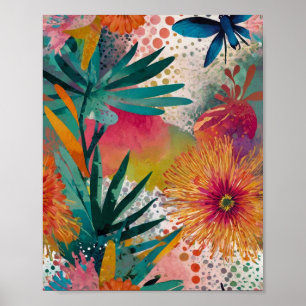 Vackra, pulserande blommigtar poster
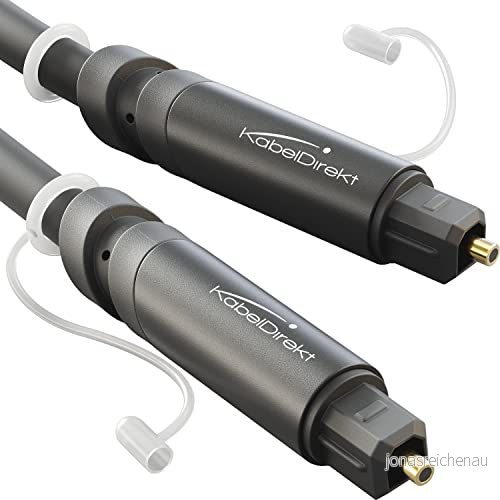 KabelDirekt TOSLINK kabel med 0% signalförlust och skyddshuvud 2 m optisk ljudkabel (TOSLINK till TOSLINK, S/PDIF, fiberkabel för hemmabio, förstärkare, PS4, Xbox, Gaming, svart) 4260538857637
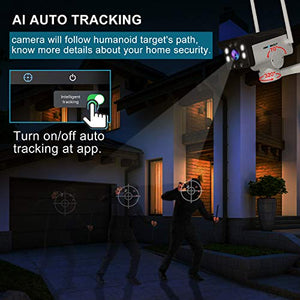 [Human Tracking] Floodlight WiFi Security Camera Outdoor - GENBOLT AI Automatic Tracking Pan Tilt Wireless Home Surveillance Bullet IP Camera 1080P,AI Humanoid Alarm,Active Siren with Lighting Defense,Customizable Motion Detection,Instant Image Activity A
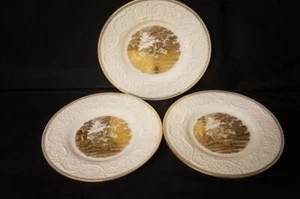 3 Wedgwood 5227 Torbay Gold Essteller gleiche Bilder 10 5/8" - Bild 1 von 1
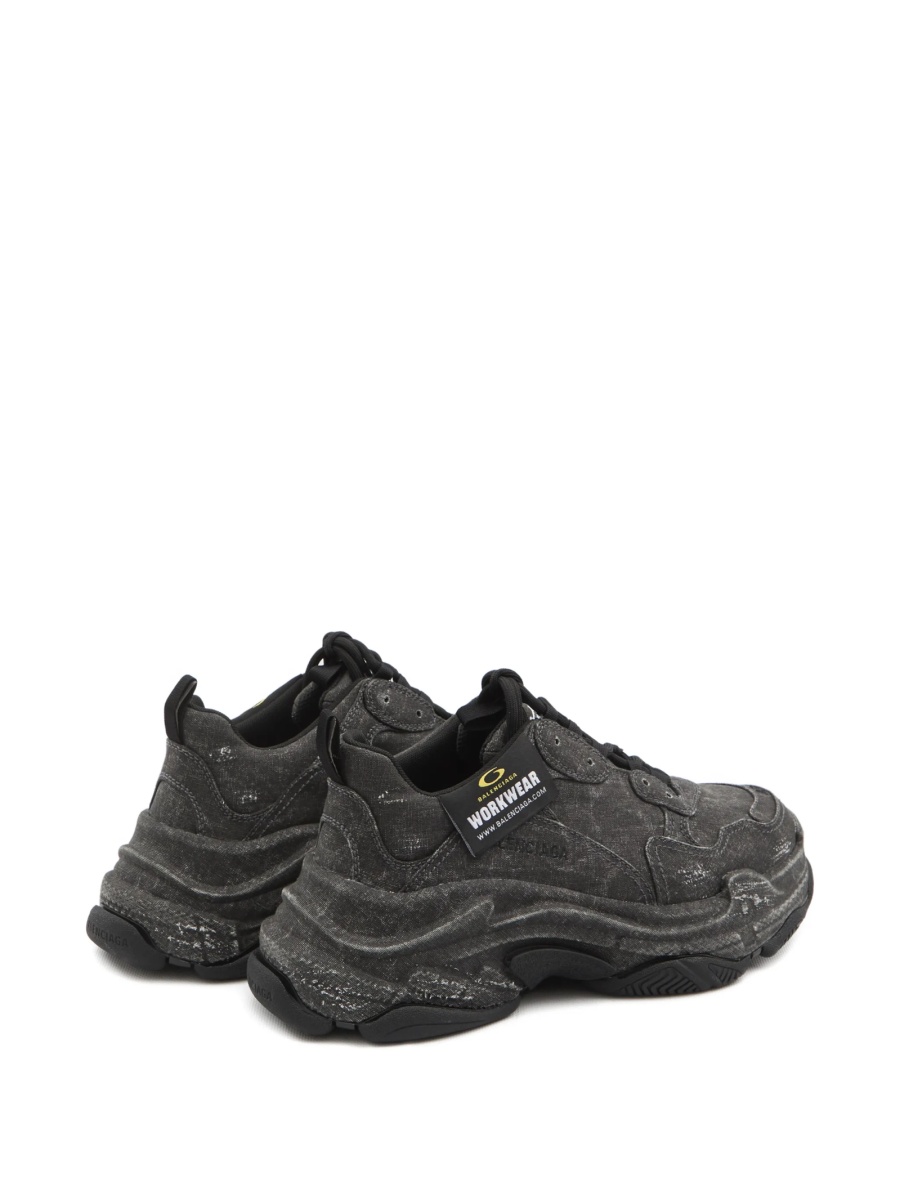 Sneakers Balenciaga Triple S gri din bumbac - Img 3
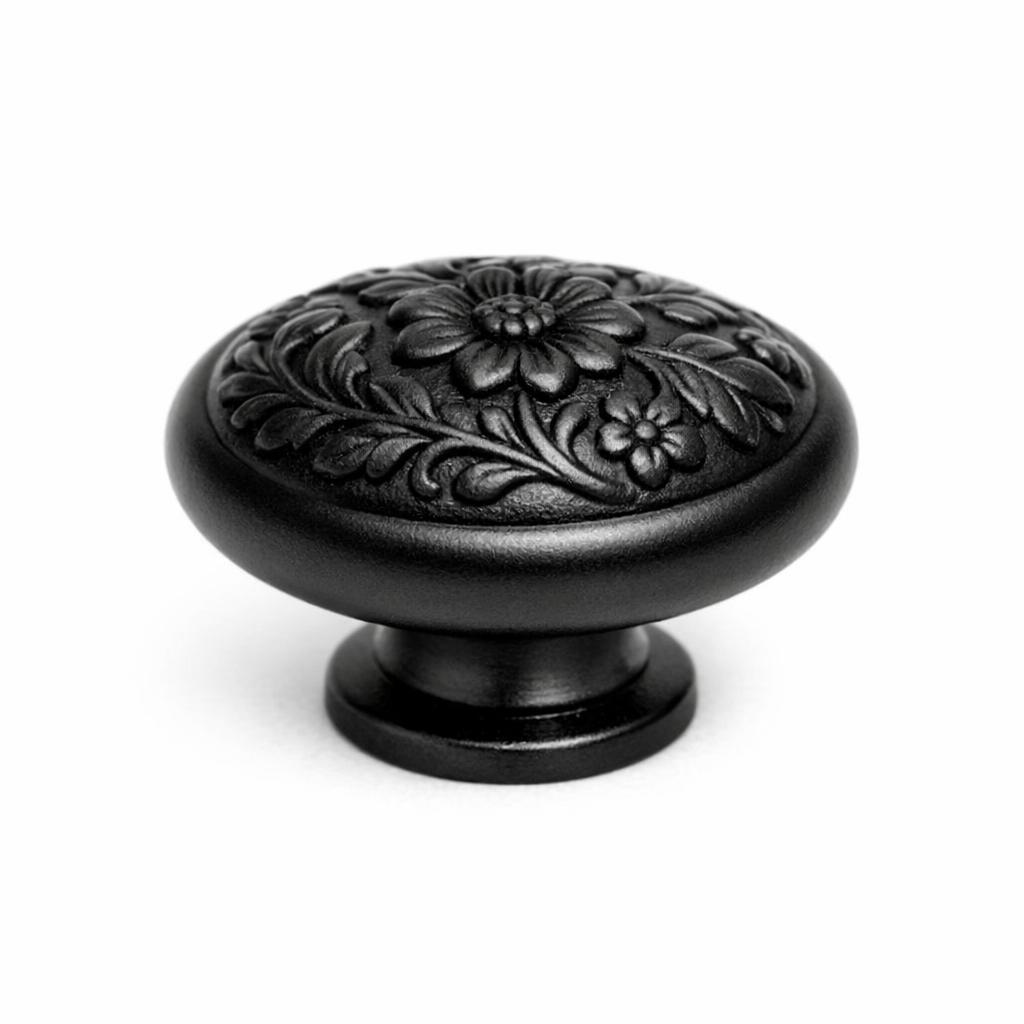 Commercial product photograph. A single residential cabinet knob. Floral surface texture. Round Knob shape....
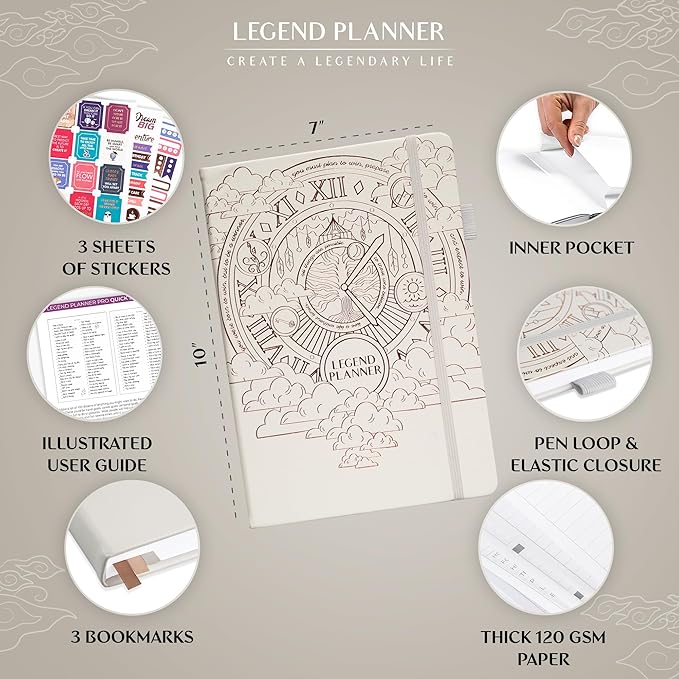 Legend Planner PRO – Deluxe Weekly & Monthly Life Planner to Increase Productivity and Hit Your Goals. Time Management Organizer Notebook – Undated – 7 x 10" Hardcover + Stickers – White-DeskLoop Office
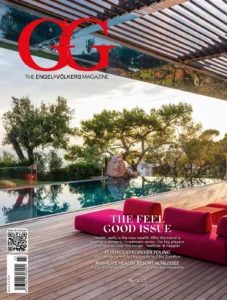 Copertina del GG The Engel Volkers Magazine con fotografia di villa con piscina al tramonto, Liguria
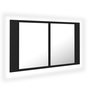 Voir la diapositive 2 : VIDAXL Armoire a miroir de salle de bain LED Noir 80x12x45 Acrylique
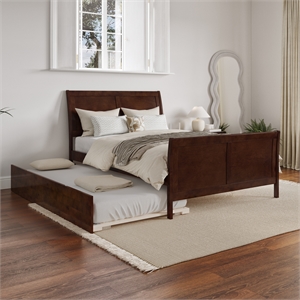 Leo & Lacey Portland Full Wood Platform Bed  & Twin Trundle in Walnut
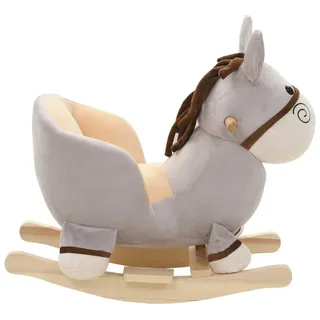 vidaXL Schaukeltier Esel mit Rückenlehne Plüsch 60x32x55 cm Grau - Grau
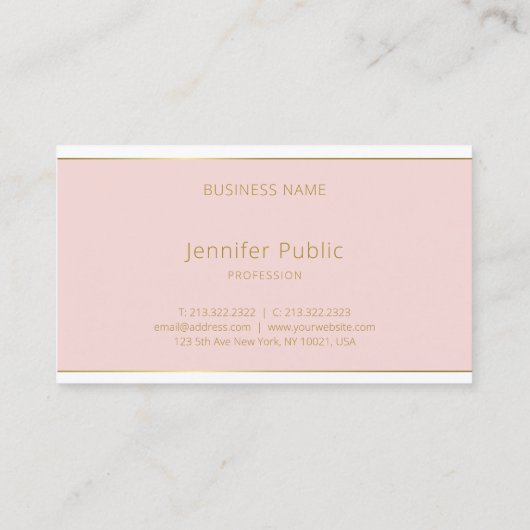 Elegante Handschrift Blush Pink Gold Chic Vorlage Visitenkarte (Rückseite)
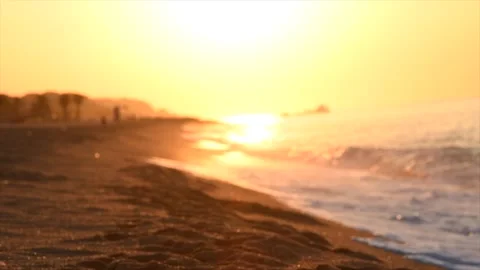 Beautiful sea side background, summer beach in sunrise lights, waves Stock Footage 280051710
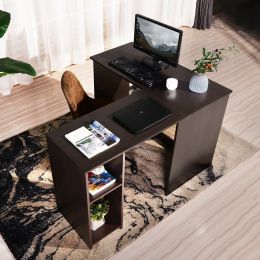 L-Shaped Computer Desk with Shelves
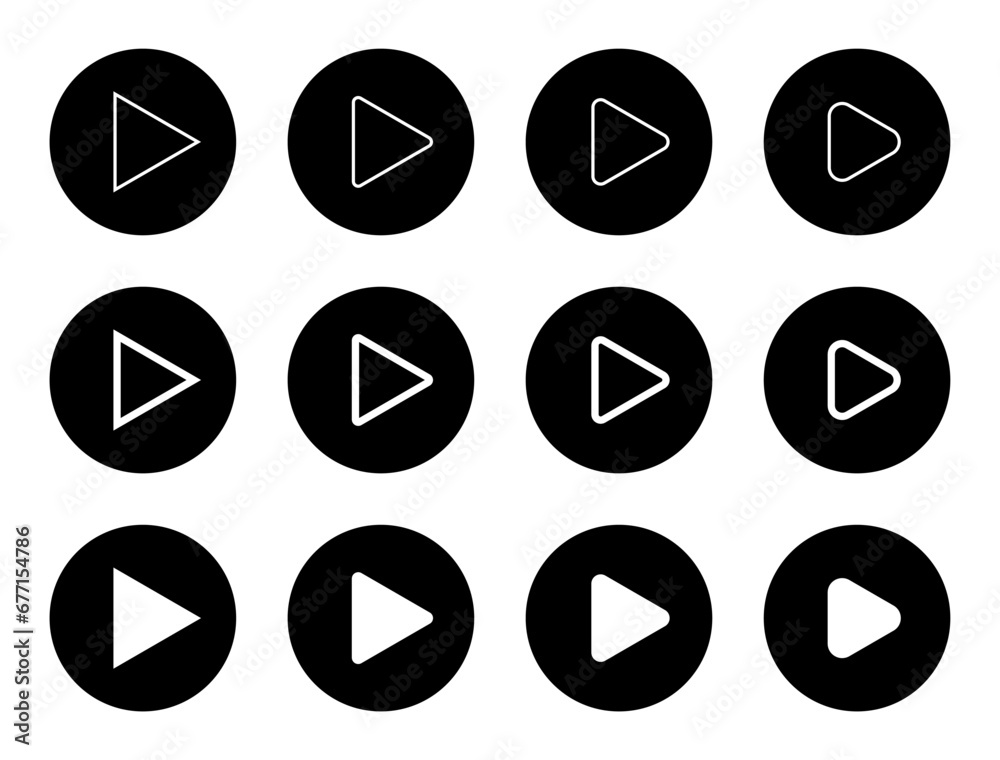 Play button vector in flat style. Streaming video app Play button vector in flat style. Streaming video app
┄┄┄┄┄┄┄┄┄┄
**WORK INSTRUCTIONS:**
Set down exactly and only the lines from the start of the entries above through the line containing "3 Wedgwood 5227", both ends included, omitting the pictures.

**TASK SOLUTION:**
 Vackra, pulserande blommigtar poster
 KabelDirekt TOSLINK kabel med 0% signalförlust och skyddshuvud 2 m optisk ljudkabel (TOSLINK till TOSLINK, S/PDIF, fiberkabel för hemmabio, förstärkare, PS4, Xbox, Gaming, svart) 4260538857637
 [Human Tracking] Floodlight WiFi Security Camera Outdoor - GENBOLT AI Automatic Tracking Pan Tilt Wireless Home Surveillance Bullet IP Camera 1080P,AI Humanoid Alarm,Active Siren with Lighting Defense,Customizable Motion Detection,Instant Image Activity A
 3 Wedgwood 5227 Torbay Gold Essteller gleiche Bilder 10 5/8" - Bild 1 von 1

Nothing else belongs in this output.